We need to concentrate on the excellent Alderney herd that’s been built up, and the potatoes and oats that do well here. As Dunedin grows so will the demand for dairy products, vegetables and meat. Despite present conditions I agree with Father that the success of refrigerated cargoes opens excellent prospects for the colony. He was the managing director of the refrigeration company that sent the
first frozen lamb to England, and still takes pleasure in telling how he stood at the high observation window of The Camp to watch the
Dunedin
sail from Port Chalmers. His vigour and enterprise have benefited so many, yet those gains tend to be forgotten in the present criticism many make of him. The ingratitude is, I think, one reason his interest and enthusiasm for further innovation are waning.

I’m all for clearing more of the land, and wire-fencing paddocks rather than building stone walls, though I’m pleased that we have these on all the boundaries of our property. Before Father’s marriage to Conny, there was a large fire on an adjacent property, which did a good deal of damage to ours, and Father’s relationship with the neighbour has been frosty since.

I believe there are too many people employed for the household and not enough on the farms.
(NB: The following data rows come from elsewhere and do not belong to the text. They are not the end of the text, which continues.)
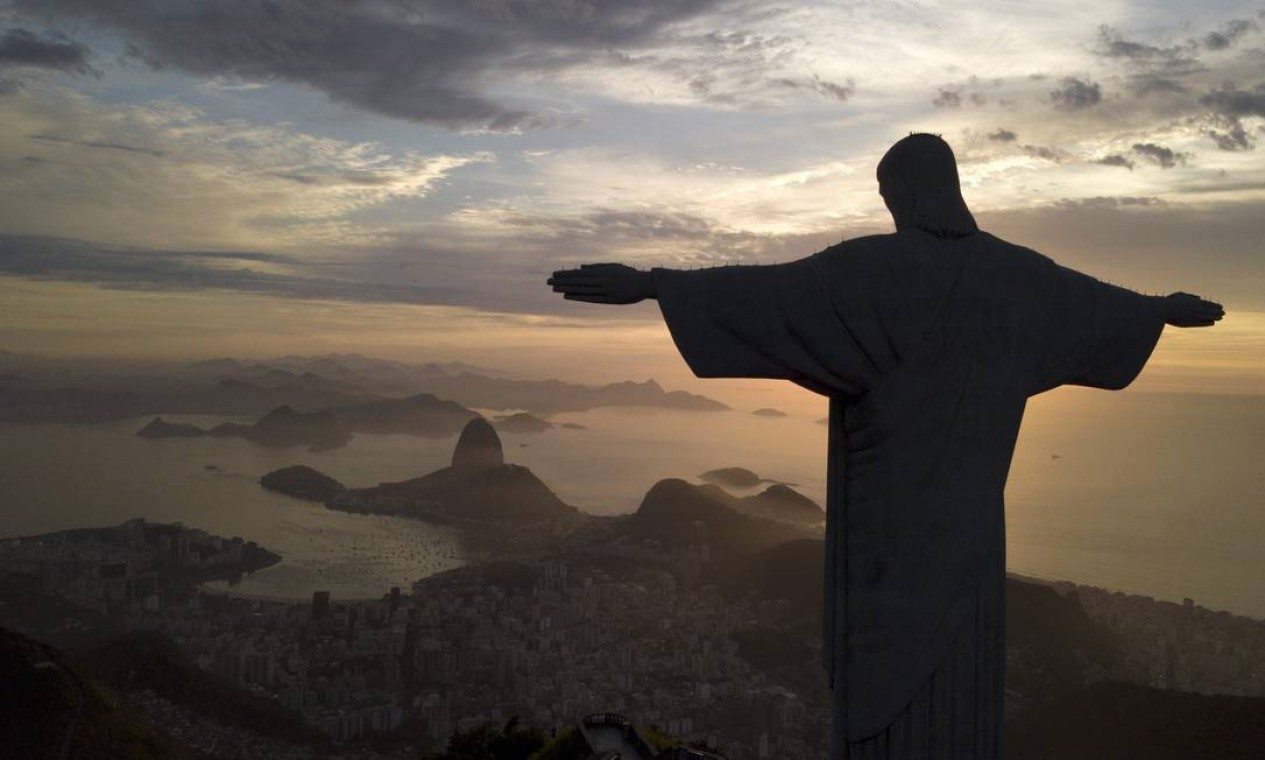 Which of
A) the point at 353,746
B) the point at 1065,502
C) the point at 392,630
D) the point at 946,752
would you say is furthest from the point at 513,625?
the point at 1065,502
What need have I for a full complement of inside servants when I’m the only family member here most of the time? There are plenty of local men and women who can do part-time work when required. I’ve had all this out with Father and he sees the sense of it. I’ve started to use the stratagem with him that I notice Conny employs successfully — introduce proposals in such a way that he comes to see them as of his own devising. Patrick Sexton is a sound overseer and we work well together. I’ve a plan that will ensure progress while still maintaining the visible lifestyle so essential to William Larnach.

It’s what I’ve looked forward to, yet now I think I would rather play second fiddle, as ever, to Father and still have Conny at The Camp. At first I thought her rather too sharp in her judgements to be ideal company, and too fine in proportions to be admirable as a
woman, but my opinion has changed on both counts.
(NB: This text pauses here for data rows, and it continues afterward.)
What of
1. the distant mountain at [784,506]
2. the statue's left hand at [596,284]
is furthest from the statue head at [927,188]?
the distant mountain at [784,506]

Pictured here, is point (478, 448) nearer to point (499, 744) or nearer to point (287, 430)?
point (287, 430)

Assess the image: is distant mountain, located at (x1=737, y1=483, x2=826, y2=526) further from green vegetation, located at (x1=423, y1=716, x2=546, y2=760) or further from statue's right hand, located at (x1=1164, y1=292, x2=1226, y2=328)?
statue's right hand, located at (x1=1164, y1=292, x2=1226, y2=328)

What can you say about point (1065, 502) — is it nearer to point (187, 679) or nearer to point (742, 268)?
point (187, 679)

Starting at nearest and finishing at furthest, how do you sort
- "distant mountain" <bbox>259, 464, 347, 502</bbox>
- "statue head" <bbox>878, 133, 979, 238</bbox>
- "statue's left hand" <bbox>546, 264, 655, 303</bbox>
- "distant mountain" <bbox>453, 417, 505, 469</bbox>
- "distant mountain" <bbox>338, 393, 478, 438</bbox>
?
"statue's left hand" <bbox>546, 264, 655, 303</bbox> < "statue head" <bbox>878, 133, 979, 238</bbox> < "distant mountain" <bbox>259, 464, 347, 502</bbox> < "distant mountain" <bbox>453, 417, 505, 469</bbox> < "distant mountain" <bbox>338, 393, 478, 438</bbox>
She and her family have had little to do with open country and farming, but she shows a comradely interest in what is done here on the properties and what Father and I hope to achieve. On Tuesday there was a blue vellum sky and hardly a breeze. Conny came out with me to see the Clydesdales sledging timber from the cut below Fork Ridge. She marvelled at their size and strength, but wasn’t fearful, going right up to stroke them, and wasn’t repulsed by the froth of sweat they’d worked up. She was interested when I explained how calm and affectionate they are, and that size and strength in an animal don’t necessarily mean an aggressive disposition. ‘The runts in species are often worst,’ I told her. ‘I’ve been bitten and kicked more by damn ponies than any larger breed, and lap dogs have the temperament of frustrated spinsters.’

‘You want an argument, I know,’ she said, ‘but I’ll not rise to it’, and she smiled. ‘The horse is a fine animal.’ She bent down to stir the feathering on a hoof. And when she was standing by its head again, she touched the great, flat jaw, the white blaze and tousled forelock, and said, ‘What beautiful eyes it has.’ That perception pleased me, for indeed horses have beautiful eyes.

One of the men was cheeky enough to ask her if she wanted to get on its back, but she said she wasn’t dressed for that. When the horses and men were back to work, Conny and I sat on the stone stile and talked. She said she’d been told by a tradesman that both Father and I were known to get hot at any cruelty to animals, which she regarded as a compliment to us both. She wore a
large-brimmed
sunhat, so sometimes her face was lost to me. She has
the ability to draw people out, does Conny, and I found somehow the conversation came round to my school days at St Leonard’s and my deep unhappiness there. Never before have I spoken honestly about those years, but Conny was sympathetic and interested, her own education having been so different. When I told her of the desolation and loneliness I felt when Mother died, she took my hand and we sat there for a time without speaking, watching the great horses come down the gully, and admiring the skill with which men and Clydesdales managed the logs that constantly threatened to crush them.